The task → Please reproduce the data below exactly, from the first line through the line containing "Sommerspaß Für Kinder", and leave every later line out.

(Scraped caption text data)
*** Block opens ***

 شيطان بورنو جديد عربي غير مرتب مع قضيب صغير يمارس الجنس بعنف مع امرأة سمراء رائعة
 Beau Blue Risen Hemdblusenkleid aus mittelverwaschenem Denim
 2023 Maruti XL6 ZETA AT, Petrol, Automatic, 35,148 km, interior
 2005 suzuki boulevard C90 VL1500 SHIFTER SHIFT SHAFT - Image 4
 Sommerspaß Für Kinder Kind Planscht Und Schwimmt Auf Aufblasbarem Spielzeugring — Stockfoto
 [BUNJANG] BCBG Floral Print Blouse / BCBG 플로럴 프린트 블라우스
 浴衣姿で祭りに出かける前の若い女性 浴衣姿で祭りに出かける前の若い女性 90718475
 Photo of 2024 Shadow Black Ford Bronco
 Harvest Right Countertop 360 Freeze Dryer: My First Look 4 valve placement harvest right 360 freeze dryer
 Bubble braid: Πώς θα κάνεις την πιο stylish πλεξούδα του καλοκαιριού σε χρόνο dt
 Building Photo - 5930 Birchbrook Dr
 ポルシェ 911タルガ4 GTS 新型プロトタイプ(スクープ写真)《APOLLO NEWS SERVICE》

*** Block closes ***

Exercise solution →
 شيطان بورنو جديد عربي غير مرتب مع قضيب صغير يمارس الجنس بعنف مع امرأة سمراء رائعة
 Beau Blue Risen Hemdblusenkleid aus mittelverwaschenem Denim
 2023 Maruti XL6 ZETA AT, Petrol, Automatic, 35,148 km, interior
 2005 suzuki boulevard C90 VL1500 SHIFTER SHIFT SHAFT - Image 4
 Sommerspaß Für Kinder Kind Planscht Und Schwimmt Auf Aufblasbarem Spielzeugring — Stockfoto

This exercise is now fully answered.